Politically Rich

I'm wondering how come our parents wanted us to study hard and become doctors or engineers when we grew up. If they really dreamt of a prosperous future for us, they should have urged us to become politicians instead, isn't it? No educational qualifications required, no hard work, lots of power, and truck loads of money stuffed into mattresses and Swiss bank accounts- this of course, is apart from above-the-board salaries. Now that's the good life!

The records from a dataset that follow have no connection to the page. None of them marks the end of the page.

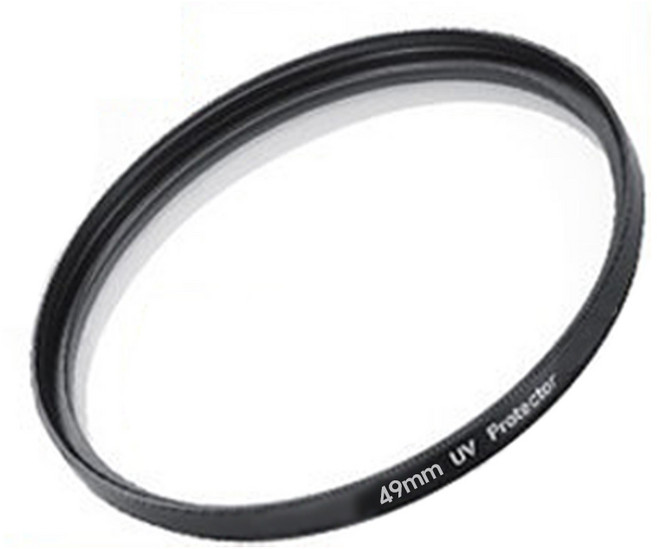 소니 SEL50F18 호환용 49mm UV필터/allda74, 1개
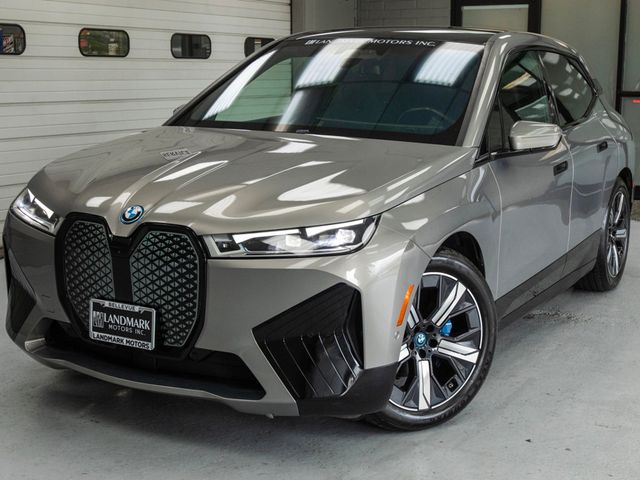 2023 BMW iX xDrive50 AWD  - 23008630 - 10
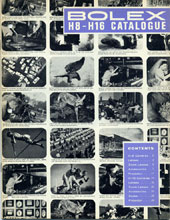 Bolex Catalogue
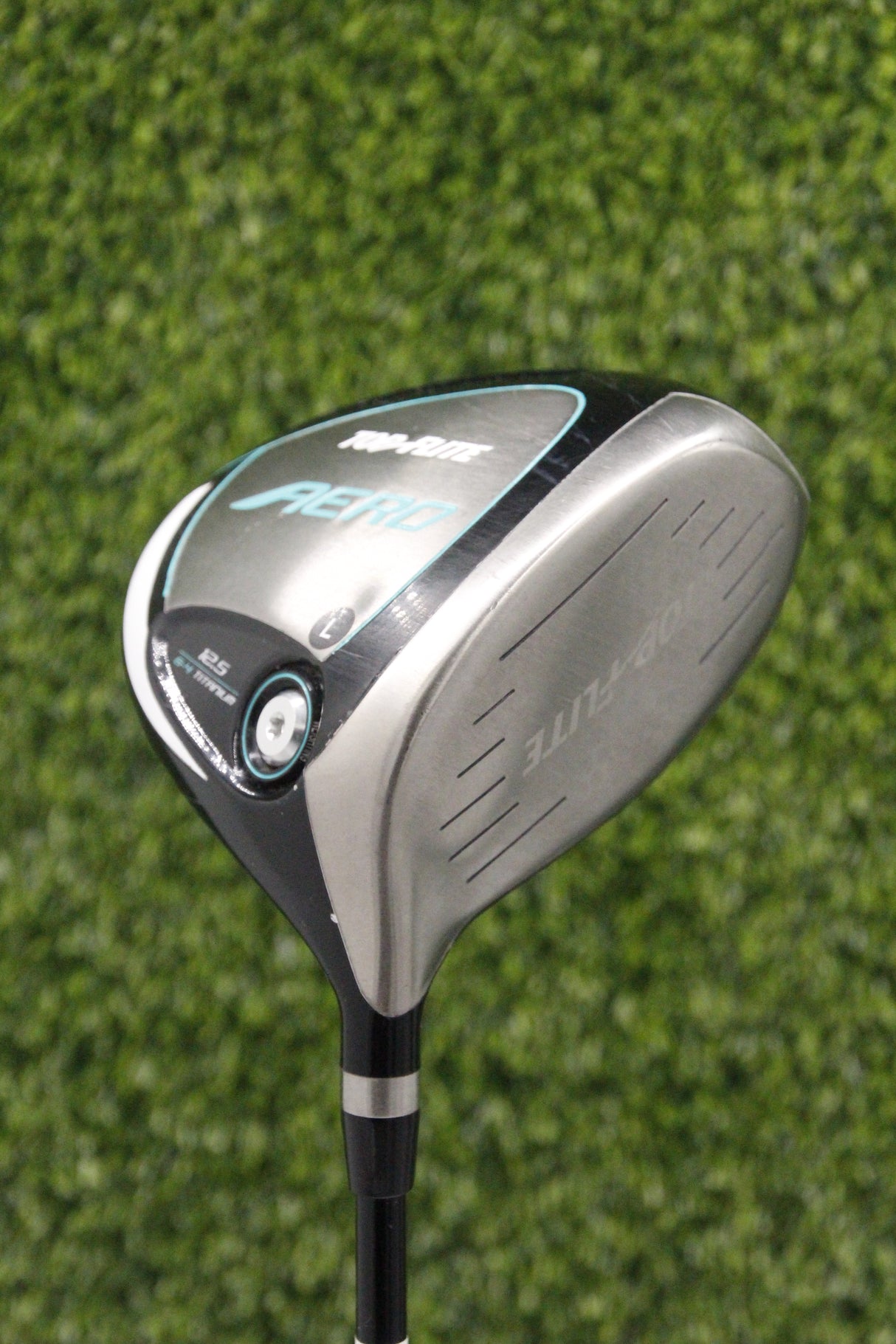 WOMEN Top Flite Aero 12.5° Driver L Flex 43.25" w/ HC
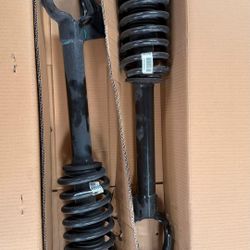 Original Jeep Grand Cherokee Suspension Kit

Better still, the recession hasn't affected this profession either. Take UP Chief Minister Mayawati for example- she's gloating about the fact that she received double the amount of birthday money this year. But did she throw a party to thank the people who had muddied and bloodied their hands to give her XXL envelopes (correction: make that XXL brief cases) packed with cash? No way Jose! The stingy woman refused to even give them a slice of her birthday cake.  Instead, she virtuously said that she was mourning the terrorist attack in Mumbai. Really? That didn't stop the queen of avarice from grabbing the birthday money, did it?  Her motto evidently is, ‘Why bother to serve the people anything- even cake, when you can help yourself?' Ooh, how I admire her!

So, fellow citizens, I think it's about time we switched to this lucrative profession too. Difficult admittedly (particularly if you're not a Bollywood star who can tolerate the Samajwadi Party's oily Amar Singh) but based on my research of Indian politicians, I've devised a four-step system that may help us get rich quick.  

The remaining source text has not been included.